YOUR ASSIGNMENT: The answer should be an exact repeat of the stretch of material below from the line containing "7.4.1. Reciclaje de chatarra electrónica" through the line containing "preseleccionado es duramente".

STUDY MATERIAL:
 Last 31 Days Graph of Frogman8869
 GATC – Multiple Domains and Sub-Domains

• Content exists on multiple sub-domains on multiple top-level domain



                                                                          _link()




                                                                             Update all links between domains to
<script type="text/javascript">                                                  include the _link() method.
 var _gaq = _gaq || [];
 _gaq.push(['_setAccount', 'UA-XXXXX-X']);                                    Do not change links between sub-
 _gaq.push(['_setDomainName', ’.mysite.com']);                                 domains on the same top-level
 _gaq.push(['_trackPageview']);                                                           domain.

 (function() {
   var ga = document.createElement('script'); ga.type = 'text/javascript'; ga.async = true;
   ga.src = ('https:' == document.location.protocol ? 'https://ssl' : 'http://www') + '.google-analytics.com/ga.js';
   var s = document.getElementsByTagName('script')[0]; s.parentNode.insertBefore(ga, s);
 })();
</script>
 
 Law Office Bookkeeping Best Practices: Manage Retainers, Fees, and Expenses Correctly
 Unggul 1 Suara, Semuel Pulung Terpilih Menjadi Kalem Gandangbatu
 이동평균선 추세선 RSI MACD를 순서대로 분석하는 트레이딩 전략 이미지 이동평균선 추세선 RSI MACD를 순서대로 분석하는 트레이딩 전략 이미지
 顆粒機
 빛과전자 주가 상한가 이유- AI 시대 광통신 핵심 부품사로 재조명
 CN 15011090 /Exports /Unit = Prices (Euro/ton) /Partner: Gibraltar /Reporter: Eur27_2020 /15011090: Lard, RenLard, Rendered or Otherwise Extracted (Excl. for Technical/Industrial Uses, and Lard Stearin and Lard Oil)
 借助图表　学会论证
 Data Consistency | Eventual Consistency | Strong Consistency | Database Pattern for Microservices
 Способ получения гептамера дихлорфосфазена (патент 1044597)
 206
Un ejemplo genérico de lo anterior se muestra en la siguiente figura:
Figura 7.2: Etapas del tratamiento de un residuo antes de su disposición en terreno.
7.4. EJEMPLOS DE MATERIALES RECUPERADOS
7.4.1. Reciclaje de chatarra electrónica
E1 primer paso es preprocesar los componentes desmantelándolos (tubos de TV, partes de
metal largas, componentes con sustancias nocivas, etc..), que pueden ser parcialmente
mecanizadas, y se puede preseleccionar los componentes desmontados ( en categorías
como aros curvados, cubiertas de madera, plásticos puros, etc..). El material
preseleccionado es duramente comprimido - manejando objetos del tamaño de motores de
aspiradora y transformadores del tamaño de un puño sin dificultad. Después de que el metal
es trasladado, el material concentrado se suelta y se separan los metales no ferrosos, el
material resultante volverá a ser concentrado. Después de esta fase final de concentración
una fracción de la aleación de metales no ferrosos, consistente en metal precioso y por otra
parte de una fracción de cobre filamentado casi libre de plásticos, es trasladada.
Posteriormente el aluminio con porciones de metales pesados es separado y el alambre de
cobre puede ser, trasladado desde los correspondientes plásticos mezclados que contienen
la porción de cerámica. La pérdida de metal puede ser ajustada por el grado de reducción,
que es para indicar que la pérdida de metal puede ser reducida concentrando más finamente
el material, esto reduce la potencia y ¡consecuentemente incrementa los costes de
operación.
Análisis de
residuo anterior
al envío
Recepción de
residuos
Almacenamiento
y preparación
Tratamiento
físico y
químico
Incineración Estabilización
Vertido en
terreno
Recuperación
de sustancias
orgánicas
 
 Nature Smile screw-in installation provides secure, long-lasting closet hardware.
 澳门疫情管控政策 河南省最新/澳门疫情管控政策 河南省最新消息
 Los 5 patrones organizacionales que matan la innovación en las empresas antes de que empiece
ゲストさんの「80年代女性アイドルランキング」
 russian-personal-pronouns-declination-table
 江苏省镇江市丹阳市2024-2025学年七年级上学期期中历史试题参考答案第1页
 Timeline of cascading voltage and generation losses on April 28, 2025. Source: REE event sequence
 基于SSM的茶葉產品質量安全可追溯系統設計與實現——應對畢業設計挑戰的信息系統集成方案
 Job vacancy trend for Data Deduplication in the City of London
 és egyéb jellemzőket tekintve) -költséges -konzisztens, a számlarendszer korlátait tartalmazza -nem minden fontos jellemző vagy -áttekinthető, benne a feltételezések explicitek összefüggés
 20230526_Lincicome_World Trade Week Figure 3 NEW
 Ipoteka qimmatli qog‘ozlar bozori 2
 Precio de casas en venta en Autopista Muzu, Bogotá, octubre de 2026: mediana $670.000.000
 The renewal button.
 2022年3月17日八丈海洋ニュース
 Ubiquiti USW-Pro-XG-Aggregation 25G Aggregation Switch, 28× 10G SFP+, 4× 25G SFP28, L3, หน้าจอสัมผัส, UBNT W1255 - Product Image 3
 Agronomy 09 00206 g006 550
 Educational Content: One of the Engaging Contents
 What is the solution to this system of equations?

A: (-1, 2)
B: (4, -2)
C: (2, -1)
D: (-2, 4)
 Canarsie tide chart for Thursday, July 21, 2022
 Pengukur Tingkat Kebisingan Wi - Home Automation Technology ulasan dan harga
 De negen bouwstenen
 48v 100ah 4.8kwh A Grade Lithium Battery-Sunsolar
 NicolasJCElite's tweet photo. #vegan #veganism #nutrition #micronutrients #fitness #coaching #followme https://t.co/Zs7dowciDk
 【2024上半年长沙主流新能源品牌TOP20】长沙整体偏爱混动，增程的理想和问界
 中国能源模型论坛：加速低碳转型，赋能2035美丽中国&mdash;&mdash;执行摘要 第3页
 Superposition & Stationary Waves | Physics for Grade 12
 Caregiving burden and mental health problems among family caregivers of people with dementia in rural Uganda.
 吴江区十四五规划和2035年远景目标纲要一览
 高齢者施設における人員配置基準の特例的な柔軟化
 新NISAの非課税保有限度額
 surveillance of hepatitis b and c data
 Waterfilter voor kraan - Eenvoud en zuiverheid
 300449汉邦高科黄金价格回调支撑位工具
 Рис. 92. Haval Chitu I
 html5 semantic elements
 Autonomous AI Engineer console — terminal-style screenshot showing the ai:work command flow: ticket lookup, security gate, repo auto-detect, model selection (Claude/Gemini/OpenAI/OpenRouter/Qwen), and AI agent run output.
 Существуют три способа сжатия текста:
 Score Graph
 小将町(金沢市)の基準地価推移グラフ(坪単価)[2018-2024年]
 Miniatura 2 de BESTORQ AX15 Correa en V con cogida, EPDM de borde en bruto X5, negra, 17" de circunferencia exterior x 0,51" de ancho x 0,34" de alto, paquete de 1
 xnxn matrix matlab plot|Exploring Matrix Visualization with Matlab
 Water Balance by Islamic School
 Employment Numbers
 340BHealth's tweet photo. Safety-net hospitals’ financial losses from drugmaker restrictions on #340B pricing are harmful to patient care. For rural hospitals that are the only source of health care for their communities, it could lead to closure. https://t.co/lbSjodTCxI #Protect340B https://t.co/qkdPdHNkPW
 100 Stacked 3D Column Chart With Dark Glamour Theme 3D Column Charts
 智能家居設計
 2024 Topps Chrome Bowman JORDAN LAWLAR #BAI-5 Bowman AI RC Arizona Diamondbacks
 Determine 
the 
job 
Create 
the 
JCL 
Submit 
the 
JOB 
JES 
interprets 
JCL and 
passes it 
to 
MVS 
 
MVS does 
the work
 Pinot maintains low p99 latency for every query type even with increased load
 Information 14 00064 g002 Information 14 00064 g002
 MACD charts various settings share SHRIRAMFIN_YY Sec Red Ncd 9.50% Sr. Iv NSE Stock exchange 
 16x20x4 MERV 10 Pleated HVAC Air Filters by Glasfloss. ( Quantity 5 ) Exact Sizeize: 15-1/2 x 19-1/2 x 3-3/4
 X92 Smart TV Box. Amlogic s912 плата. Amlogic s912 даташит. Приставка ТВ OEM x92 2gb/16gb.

THE COMPLETED TASK:
7.4.1. Reciclaje de chatarra electrónica
E1 primer paso es preprocesar los componentes desmantelándolos (tubos de TV, partes de
metal largas, componentes con sustancias nocivas, etc..), que pueden ser parcialmente
mecanizadas, y se puede preseleccionar los componentes desmontados ( en categorías
como aros curvados, cubiertas de madera, plásticos puros, etc..). El material
preseleccionado es duramente comprimido - manejando objetos del tamaño de motores de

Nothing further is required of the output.